On the House floor, Rep. McGovern called out Big Oil and House Republicans for their pro-polluter plan:
FACT 7: The H.R. 1’s permitting reforms would restrict the public’s ability to speak out on potential projects that threaten their health, safety, and environment.
To stop local communities from speaking up about the health and environmental impact of Big Oil’s greed, H.R. 1 would limit the time the public has to take legal action against energy projects.
It would be another dangerous addition to fossil fuel groups’ long legacy of helping pass un-American anti-protest laws – including efforts to create new felonies and fines to deter opposition in response to anti-industry movements like the Dakota Access project protests.
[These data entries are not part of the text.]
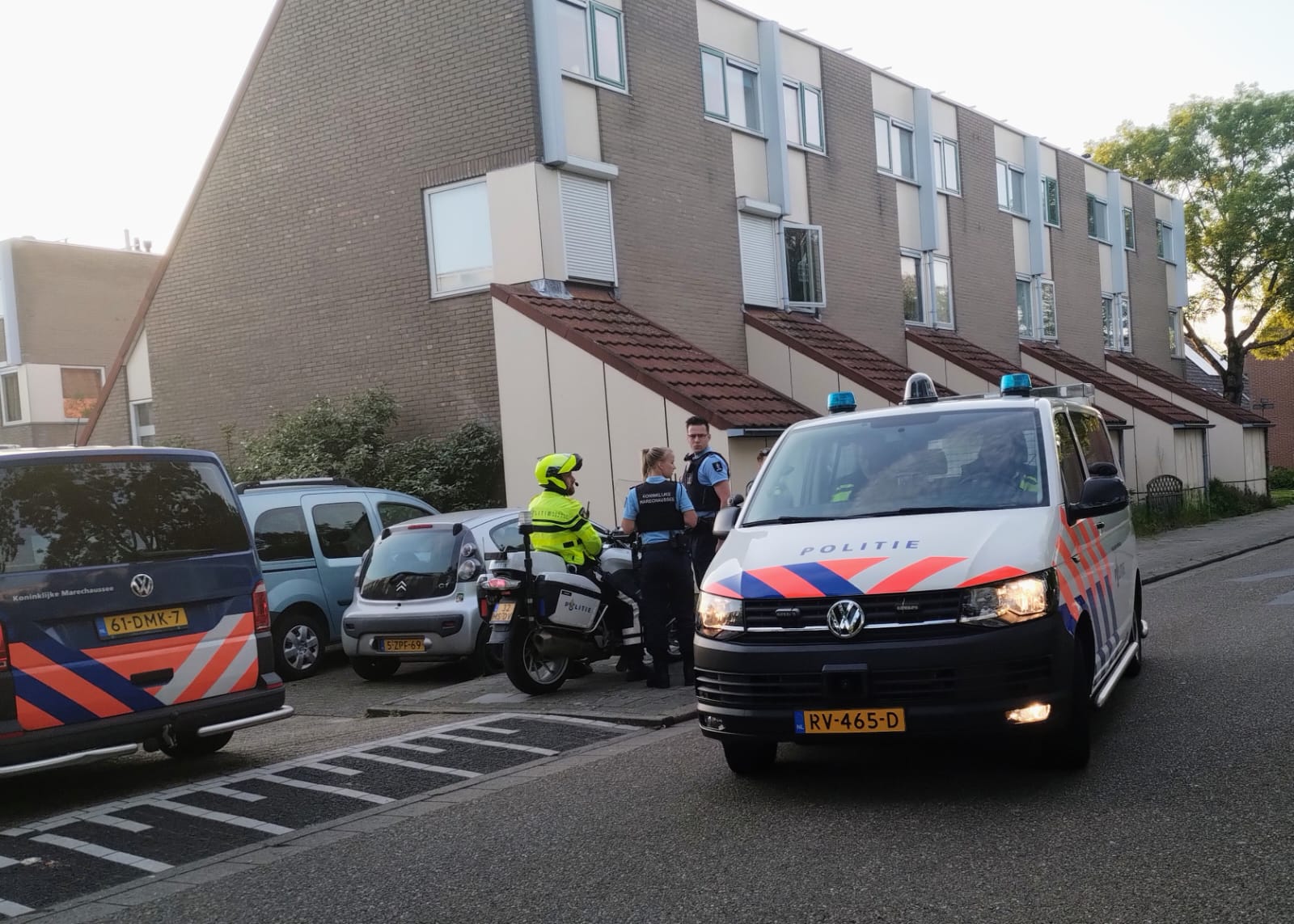 Groep jongeren plegen mishandeling en veel overlast in Vlissingen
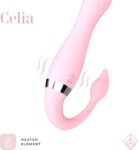 Celia - Clitoris en G-spot Stimulator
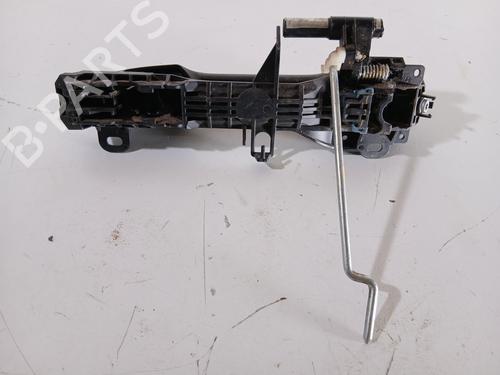 Front right exterior door handle TOYOTA HILUX VIII Pickup (_N1_)  | BP29728248C129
FACT 8: H.R. 1 purports to lower energy prices but does nothing to address the real cause of high costs – corporate greed.
While Big Oil has tried to scapegoat their production costs on everything from the war in Ukraine to Biden’s conservation policies, it’s clear that oil and gas companies prefer operating when crude oil prices are high. By delaying fracking until prices are higher, they can justify hiking prices while still playing the victim.
However, their grift doesn’t end once crude oil prices decrease. As the CEO of Halliburton explained, customers learn to “expect and accept” their increased prices – allowing them to keep prices high even as their production costs sink.
Ahead of the vote on H.R. 1, Rep. Kathy Castor called out the GOP for pretending to address pain at the pump while ignoring the greed and profiteering of Big Oil.
All of the facts listed above spotlight one resounding truth: H.R. 1 would have a catastrophic impact on our public lands and our ability to address the most severe effects of the climate crisis. President Biden and the Senate must take action to stop this disastrous bill from ever becoming law.